Input data:
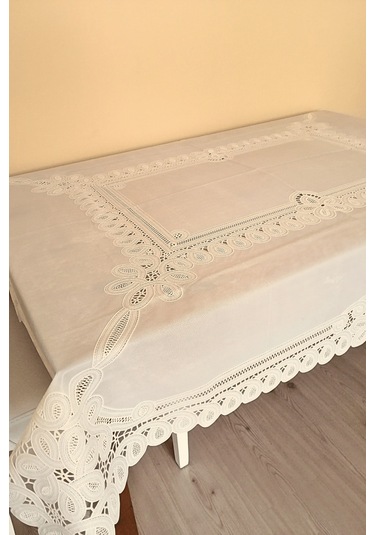 Dantel Motifli Muşamba Masa Örtüsü 120 X 150 Cm - Krem Renk-halka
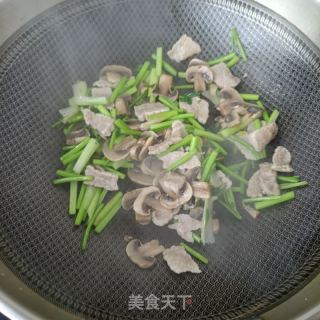 肉片香菜炒口蘑的做法步骤：13
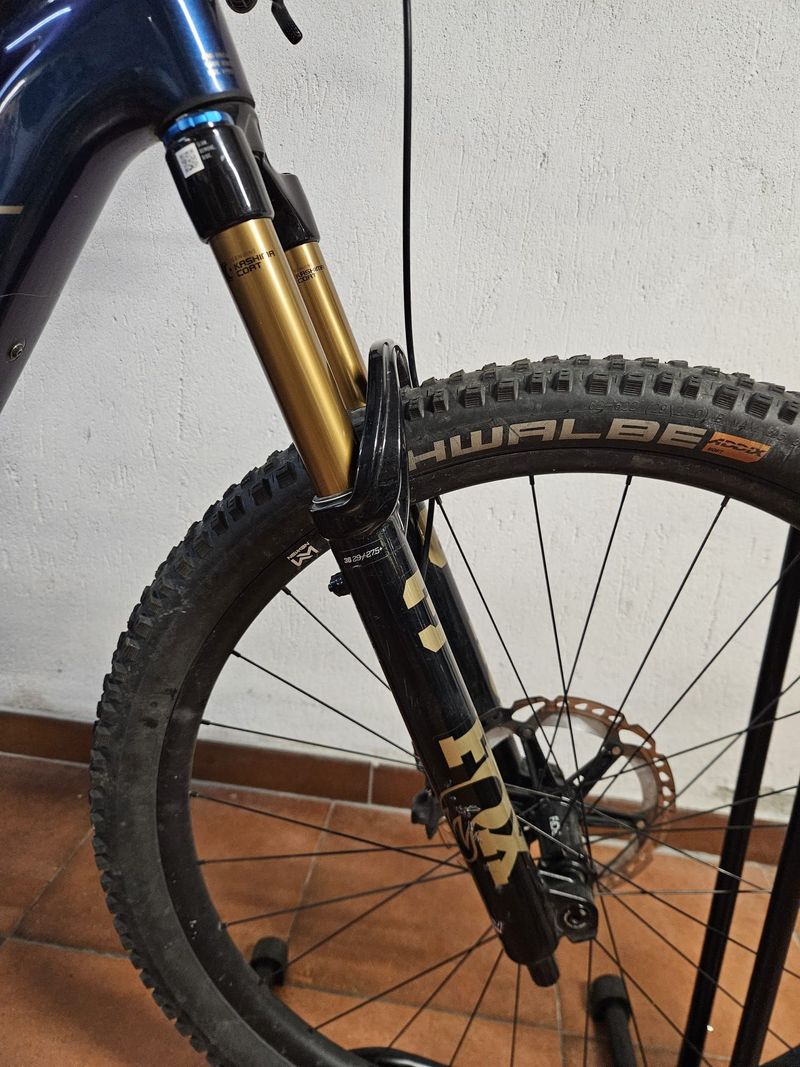 Käytetty CUBE AMS HYBRID Shimano Deore XT 2025 Mountainbike — kuva 5 / 8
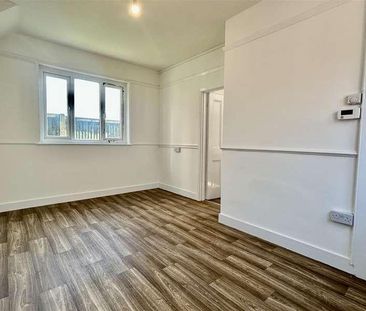 Brambletye, Birchington, CT7 - Photo 3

Exercise:
Repeat the data exactly, excluding the pictures.

Your response:
 Dantel Motifli Muşamba Masa Örtüsü 120 X 150 Cm - Krem Renk-halka
 肉片香菜炒口蘑的做法步骤：13
 Käytetty CUBE AMS HYBRID Shimano Deore XT 2025 Mountainbike — kuva 5 / 8
 Brambletye, Birchington, CT7 - Photo 3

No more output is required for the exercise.